High-trust, low-control

A movement cannot grow in a low-trust, high-control environment. 

But a dictatorship can. (Cuba)

A corporation can. (McDonald’s)

A gang can. (Al Capone)

In a low-trust, high-control environment leadership is supreme. Decisions flow from top to bottom. A high value is placed on replication and copying and perfecting. Efficiency is more important than individualism. And the everyday worker has virtually no voice. In fact, the less voice the worker has the better.

China

You want to see what church growth looks like? Remove the money. Learn about the Boxer Revolution and how that changed the church in China. All the western missionaries and their hierarchical structures went away. (Or were killed) And the church went underground.

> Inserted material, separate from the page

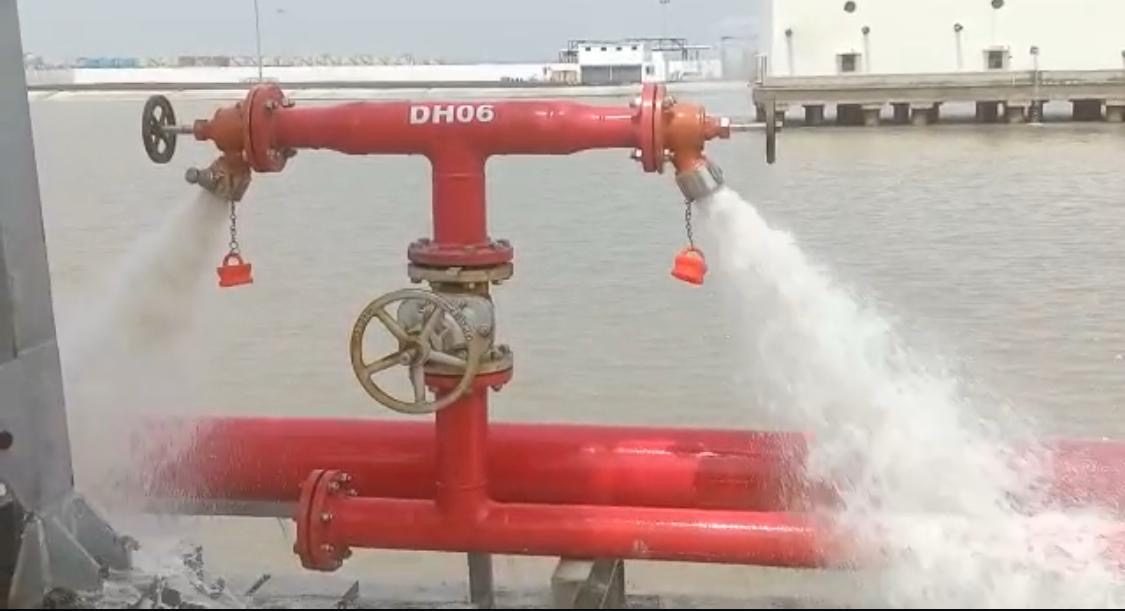 Fire hydrant under flow test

Thus, a low-control and high-trust structure was forced to emerge. When the church went from an Augustinian mindset with paid staff and buildings and budgets and fake-butts-in-seats to an underground movement of unpaid pastors on the run, meeting in house churches, and people risking their life to be a part of it… the church became a movement again. The Gospel spread neighbor to neighbor because it is Good News. People risked their lives to be called a Christian.

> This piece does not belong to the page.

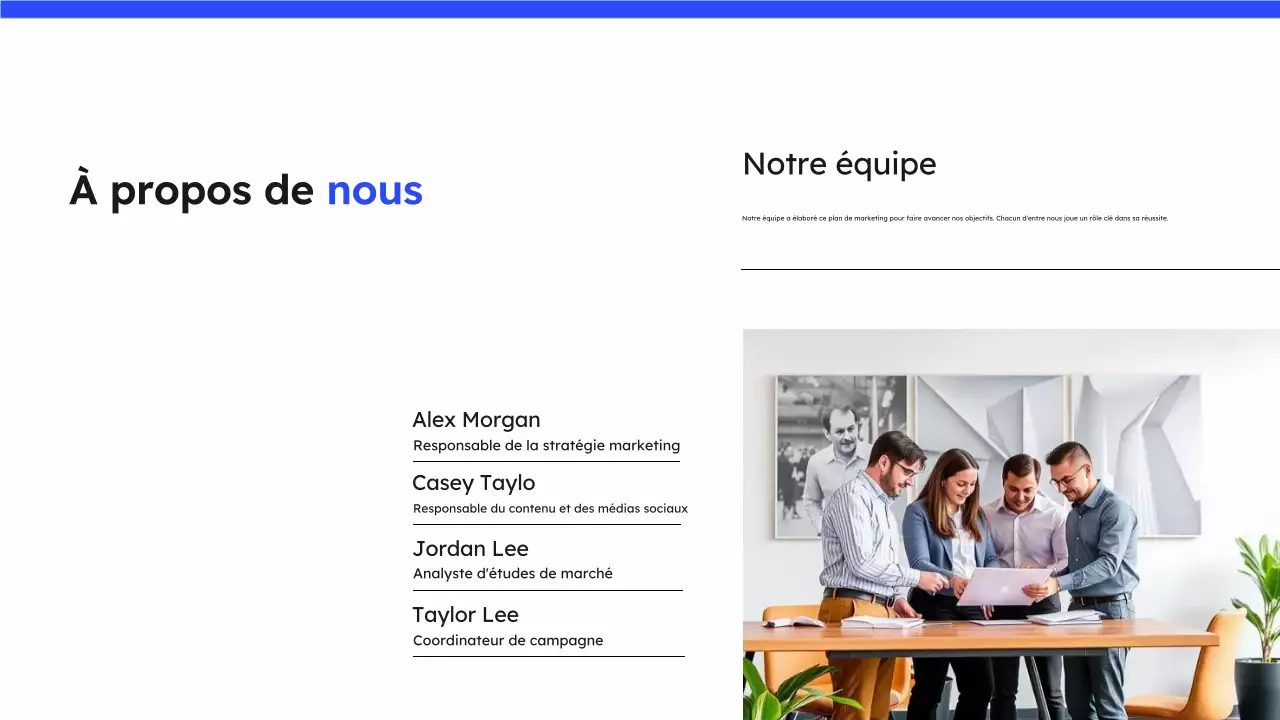 Présentation d'un plan de marketing simple et bleu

And it became an unstoppable force. (I’ve heard estimates in the hundreds of millions of converts during the 20th century in China.)

Jesus designed the church as an insurgency. Looking at church history, the times when the church has been most effective have been in a high-trust, low-control environment. The Roman Empire conquered every people group in its path but was conquered from the inside-out by an insurgency of the heart.

A core problem in America is the rapid embrace of a low-trust, high-control leadership structure. “Church growth experts” (and their books and conferences) encourage church leaders to remove the voice of the people and go to staff-lead models. To generalize, the staff become the local experts on everything from discipleship to sex and the people become relatively voiceless, idea-less, worker bees in support of the vision of the leadership. These high-control, low-trust leaders proudly say things like, “This is the type of church we are. If you don’t like it, you can leave. There are plenty of churches out there.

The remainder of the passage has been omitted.